Monday, Jan. 28, 1929
Microcosm
In Stevens Point, Wis., deertail is twisted & tied, glued & dyed by fine-fingered workers. Sometimes a finger jerks back, with blood oozing from a tiny puncture. Quite hidden in the satin grey of a Silver Doctor and the flaring shaded brown tufts of a Whisker Bug are barbed hooks with needle points. For in Stevens Point is the Weber Life-Like Fly Co., to whose Grizzly King, Parmachenee Belle and other lures many a fisherman entrusts his reputation.
To Washington last week went President 0. L. Weber, himself, to grumble in behalf of the U. S. fishing-tackle industry. Flies, leaders, and snell hooks, said he, are made in many a humble European home. Unlike those in Stevens Point, Wis., foreign manufacturers are not oppressed by minimum wage and factory condition laws. Foreign flies, furthermore, are smuggled in, clandestinely, in first-class letter mail. Raise the duty on fishing-tackle imports, suppress smuggling, demanded Life-Like Flyman Weber.

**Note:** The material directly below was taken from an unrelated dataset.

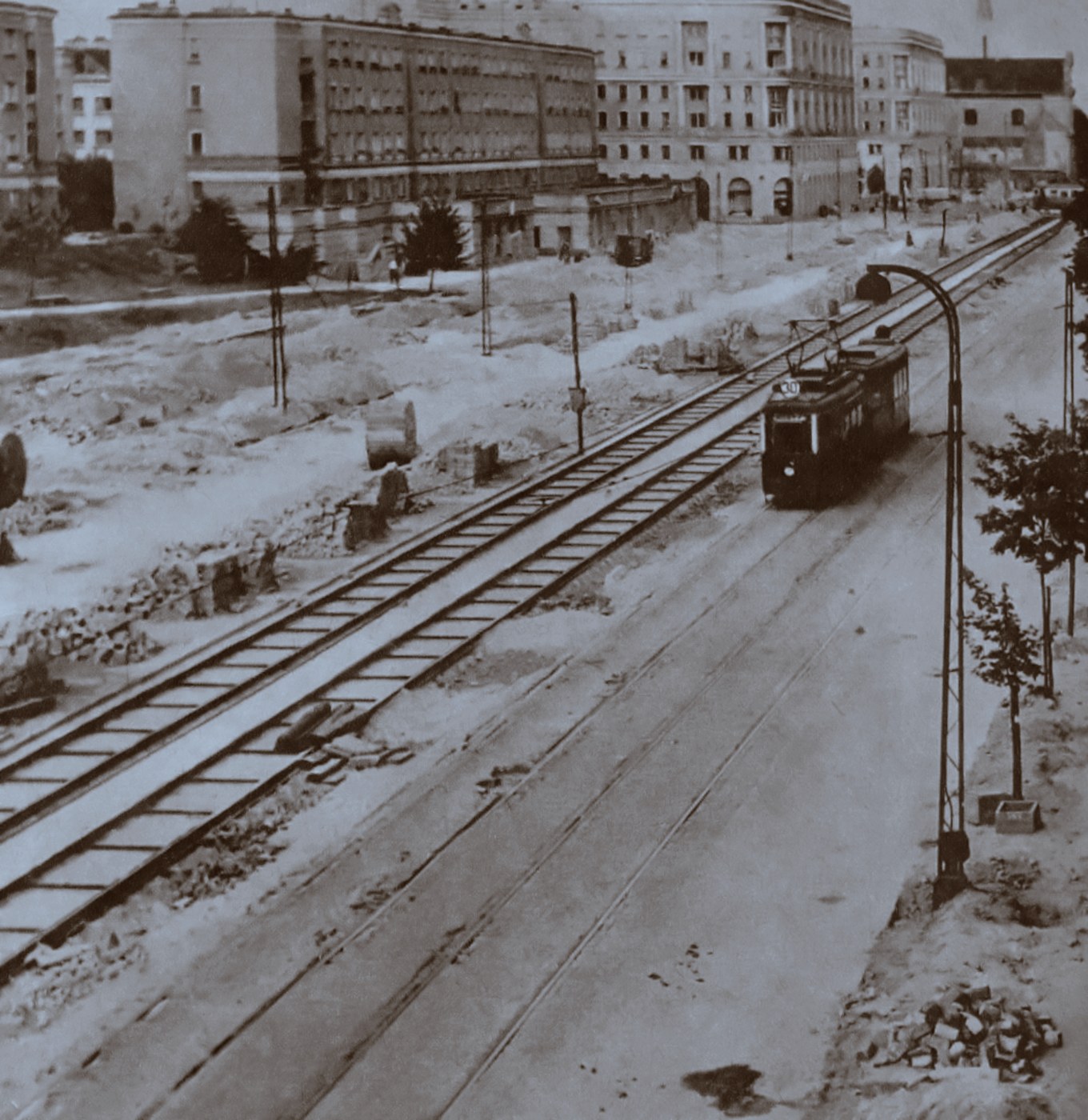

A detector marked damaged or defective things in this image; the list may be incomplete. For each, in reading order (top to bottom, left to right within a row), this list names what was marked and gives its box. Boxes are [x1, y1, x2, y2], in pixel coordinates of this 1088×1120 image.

Many another U. S. industry made similar complaint and demand in tariff hearings before the House Ways and Means Committee. Through the Committee room passed a striking microcosm of U. S. business. Told was the tale of eggs, fake antique furniture, razor blades, papier-mache clothing dummies, cast-iron pipe. The Texas Cottonseed Crushers' Association appeared, spoke its piece. Then the Pyroxylan Plastic Manufacturers' Association, the American Fish Oil Association. All asked higher protective tariffs. Typical or important or both were the following points:
Autos. Unwary tourists who buy a U. S. automobile abroad and try to bring it home with them find to their sorrow that reimport duty is 25% ad valorem. Abolish it, pleaded the American Automobile Association, thus encouraging sales of U. S. cars abroad.

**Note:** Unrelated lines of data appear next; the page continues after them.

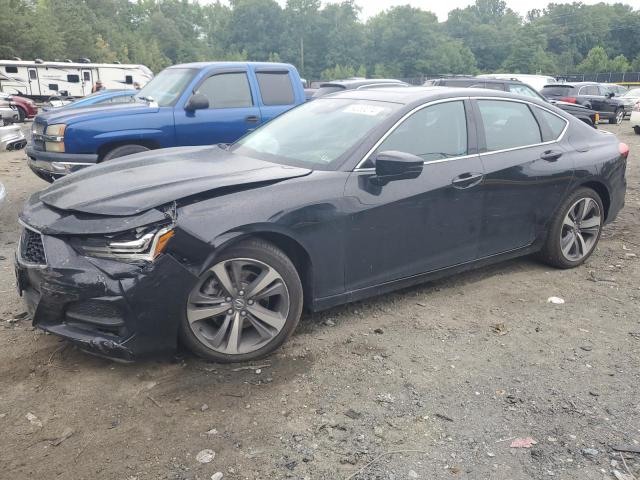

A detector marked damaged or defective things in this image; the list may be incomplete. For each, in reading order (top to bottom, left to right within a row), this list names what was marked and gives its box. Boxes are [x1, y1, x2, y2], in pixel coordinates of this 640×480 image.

crushed front bumper [14, 229, 195, 360]
broken headlight [73, 222, 175, 260]
dented hood [37, 144, 312, 216]
damaged black acura tlx [13, 88, 624, 362]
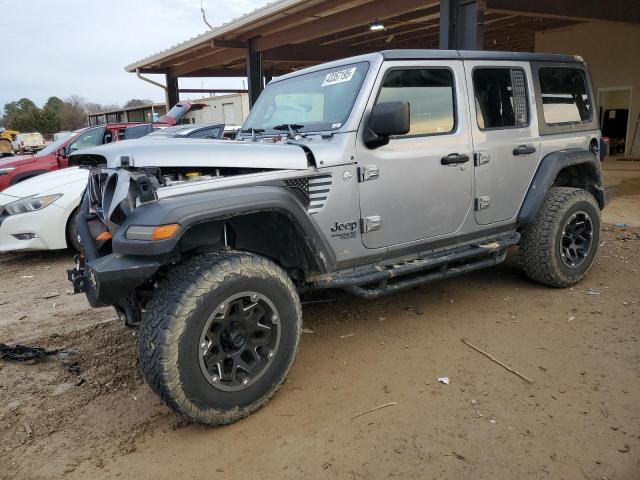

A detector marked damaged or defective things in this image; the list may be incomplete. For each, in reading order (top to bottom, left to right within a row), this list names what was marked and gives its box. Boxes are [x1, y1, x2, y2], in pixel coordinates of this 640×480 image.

crumpled hood [69, 138, 310, 170]
crumpled hood [0, 166, 87, 198]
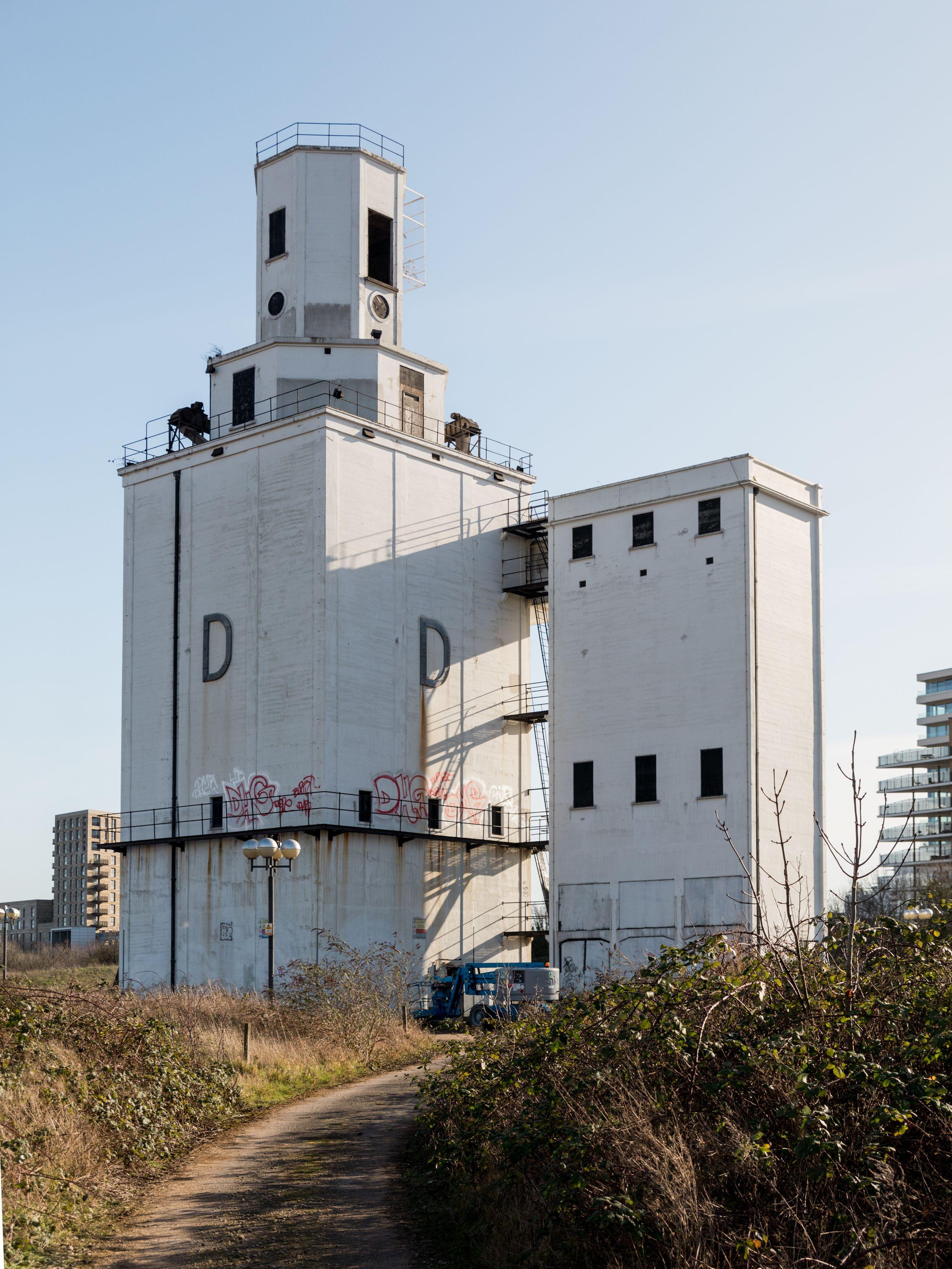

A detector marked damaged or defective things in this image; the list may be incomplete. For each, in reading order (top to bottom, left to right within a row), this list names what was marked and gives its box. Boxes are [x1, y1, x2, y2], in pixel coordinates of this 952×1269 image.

broken window [268, 207, 286, 260]
broken window [366, 210, 393, 285]
broken window [232, 366, 256, 426]
broken window [396, 366, 423, 442]
broken window [573, 527, 594, 560]
broken window [631, 509, 652, 545]
broken window [698, 493, 719, 536]
broken window [573, 758, 594, 804]
broken window [631, 752, 652, 804]
broken window [698, 746, 719, 798]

Antiques produced "more than 100 years prior to the date of importation" now enter duty free. Organized furniture makers claimed that 60% of imported antique furniture is newly made, so expertly that its newness cannot be detected; that not more than 25% of such furniture has genuine educational or historical value. Full furniture duties (33 1/3% ad valorem) were sought for antiques.

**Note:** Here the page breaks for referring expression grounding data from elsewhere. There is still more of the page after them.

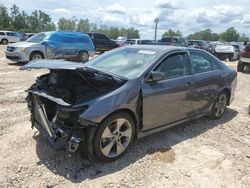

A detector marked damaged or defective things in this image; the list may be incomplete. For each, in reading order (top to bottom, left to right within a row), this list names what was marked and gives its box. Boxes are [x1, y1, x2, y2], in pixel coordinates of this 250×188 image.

damaged black sedan [21, 46, 236, 162]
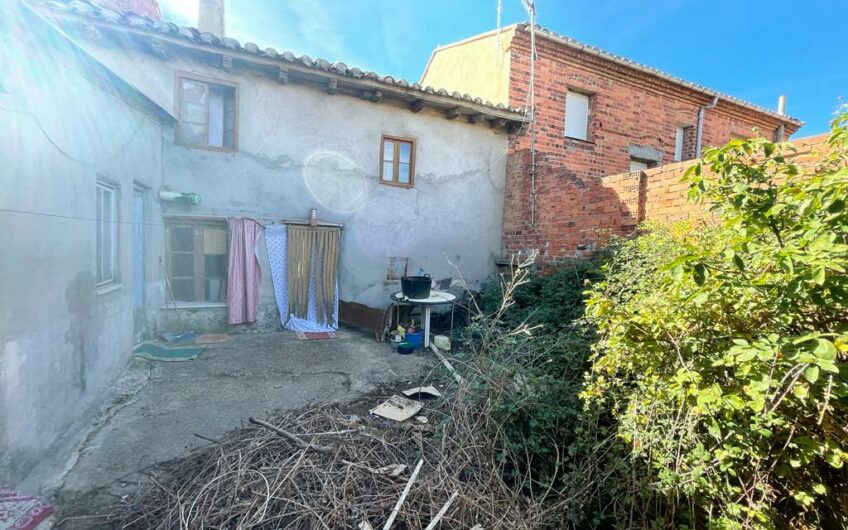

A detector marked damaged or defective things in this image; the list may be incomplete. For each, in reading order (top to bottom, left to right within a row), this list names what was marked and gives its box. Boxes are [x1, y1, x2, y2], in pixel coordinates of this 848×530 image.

cracked concrete floor [32, 330, 430, 524]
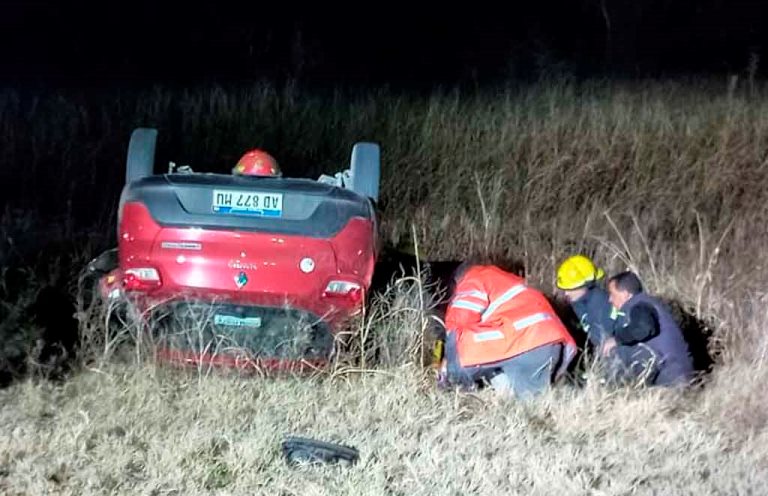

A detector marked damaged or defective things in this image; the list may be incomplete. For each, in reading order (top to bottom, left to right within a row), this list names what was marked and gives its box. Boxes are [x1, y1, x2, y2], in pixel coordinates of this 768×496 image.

overturned red car [93, 127, 380, 368]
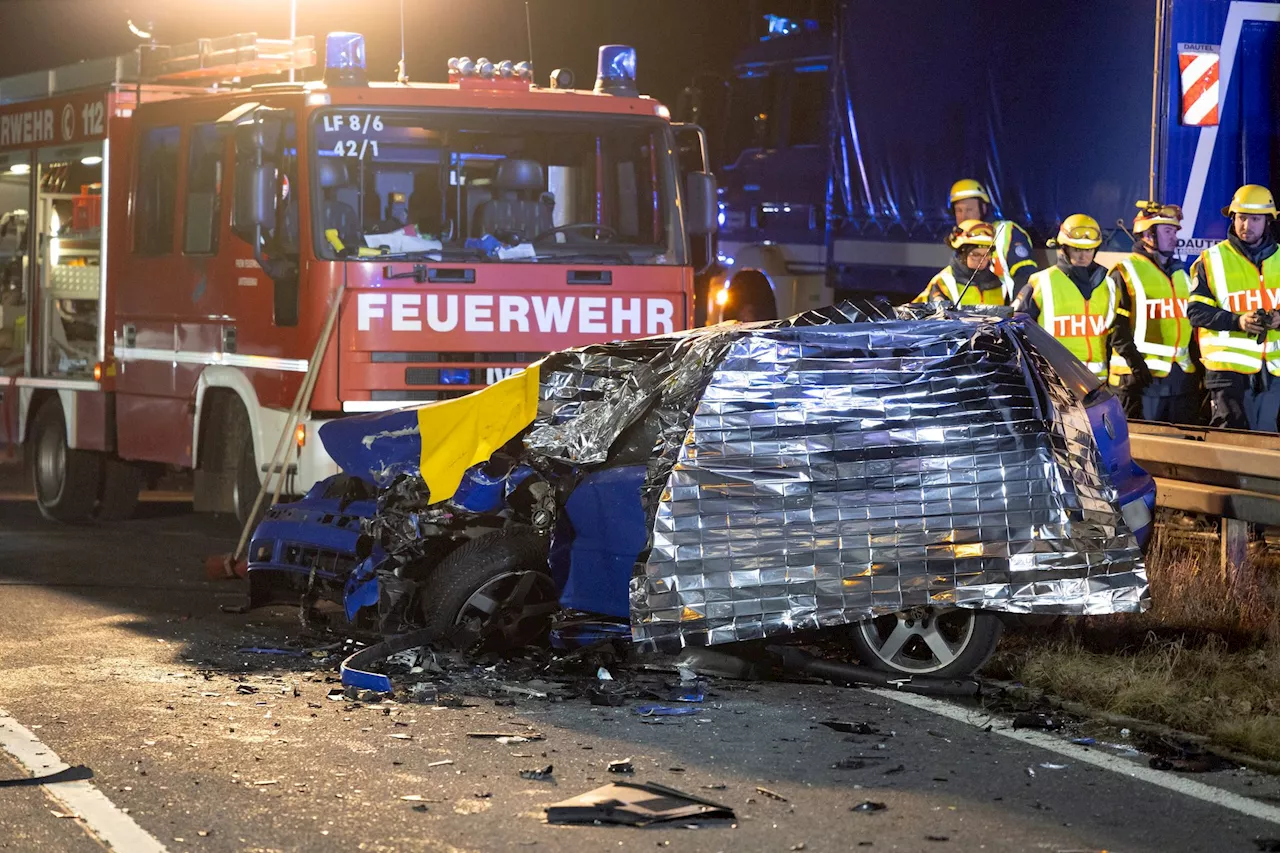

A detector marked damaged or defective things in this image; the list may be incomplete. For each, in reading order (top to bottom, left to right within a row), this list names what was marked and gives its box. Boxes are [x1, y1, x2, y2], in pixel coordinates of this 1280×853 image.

severely damaged car [245, 302, 1152, 676]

Knitting Needles. Young folk, old folk, everybody knitted. Presently machines appeared. Doughboy oaths softened. Neat and regular became stitches in scarfs, stomachers, socks, helmets sent overseas. Now the new knitting-machine needle industry is sorely pressed by foreign competition. "Save our knitting needles!"
Metals. Iron and steel interests indulged in perfervid oratory, conjured up statistics to show an emergency calling for government action. Shortly appeared a Department of Commerce statement of U. S. foreign trade in 1928, showing that while iron and steel imports had slightly increased since 1927, exports of those commodities had increased by a much greater proportion. Observers murmured to themselves.
Domestic manufacturers quaked & quavered over foreign competition in uniform buttons; cut steel ornaments (shoe buckles, hat trimmings); swords; bandsaws; anvils (domestic consumption is rapidly falling off); sprocket chains; scythes, sickles & grass hooks.
Watches. Emile Zola* is the spokesman for the American Watch Importers' Association and therefore opposed to high tariffs. Said he: "There is no such thing as an imported watch." Imports consist largely of parts. Assembling is done in the U. S. Hence U. S. labor costs enter the problem. Nevertheless, makers of main-springs and other parts complained that keen competition from Switzerland had blighted home industry.
Wood. Loudest of all lamentations, louder even than the iron and steel moans, were those of lumber and furniture men. Lumber now enters duty free, chiefly from Canada. The American Northwest lumber industry, it was argued, faces complete bankruptcy owing to a market flooded with free cedar shingles, saw logs and lumber in general. The $700,000,000 furniture industry claimed that existing duties of 33 1/3% ad valorem on foreign furniture were totally inadequate. Cabinet work from France and Italy, plywood from the U. S. S. R., chairs from Czechoslovakia, wood carvings from Austria and Switzerland--all are set down in New York cheaper than they can be produced in the U. S. Therefore Grand Rapidians demanded higher tariffs.
Miscellany. Robert N. Kastor, Manhattan cutlery importer and retailer, bewailed smuggling of 1,000 dozen pocket corkscrew knives from Canada. They received nation-wide distribution, presumed he, along with smuggled whiskey. "Protection," cried Matthew Woll, vice president of the American Federation of Labor, "for our wage-earners!" Swords after tomato paste, worn-out steel tools (containing tungsten) next to plate glass, children's bicycles riding close upon upholsterer's nails, day after day unrolled the panorama of business to the patient inquisitors of the Ways and Means Committee.
*Not to be confused with Emile Zola (TIME, Jan. 21), French writer of sensual novels and apostle of Naturalism. Myopic, corpulent, bearded, he swayed the society of his time, died in 1902 of asphyxiation by carbon monoxide in his own bedroom.